Crater Lake National Park. Or, How Many Pictures Can You Take of the Same Lake?
Answer: A lot. Especially when it’s this beautiful.
After spending a few days on the gorgeous Oregon coast, I somewhat reluctantly drove inland towards Crater Lake National Park. Crater Lake is a 2,000 foot deep body of water that fills the caldera, formed by the eruption of Mount Mazama approximately 7,700 years ago. Later eruptions of the volcano created Wizard Island. Though the park is famous for the deep blue color of the water, the remanents of the rim are equally beautiful, providing the ideal frame for such a masterpiece.
With water that colorful, I had to go in, even though the water is a brisk 57 degrees. Totally worth it though:
The park has a few extra surprises, including fumaroles:
These fumaroles were areas where underground heat was vented, which caused the pumice to compact and cement.
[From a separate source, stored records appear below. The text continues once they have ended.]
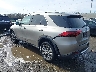 4JGFB4KBXLA****** Salvage and Repairable 2020 Mercedes-Benz Gle 350 in Metro DC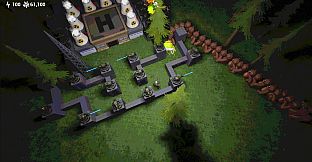 Cozy Against Humanity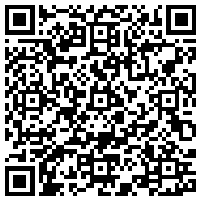 QR Code for bitcoin:bitcoin:bitcoin:bitcoin:bitcoin:bitcoin:bitcoin:bitcoin:bitcoin:bitcoin:dash:XwVF96VffJxkMCAfj5eZdrpL5wzTLMFFnp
Lighter volcanic ash and pumice from the later eruption of Mount Mazama was deposited around them but was eroded, leaving these tall, thin structures. Just behind the rim lies fields of flowers in the chunks of pumice, which were lovely in the late afternoon sunlight.
I’m off hiking for the next few days in some state parks and national monument areas where I will be most likely out of touch, but this post and the next are scheduled to post in my absence.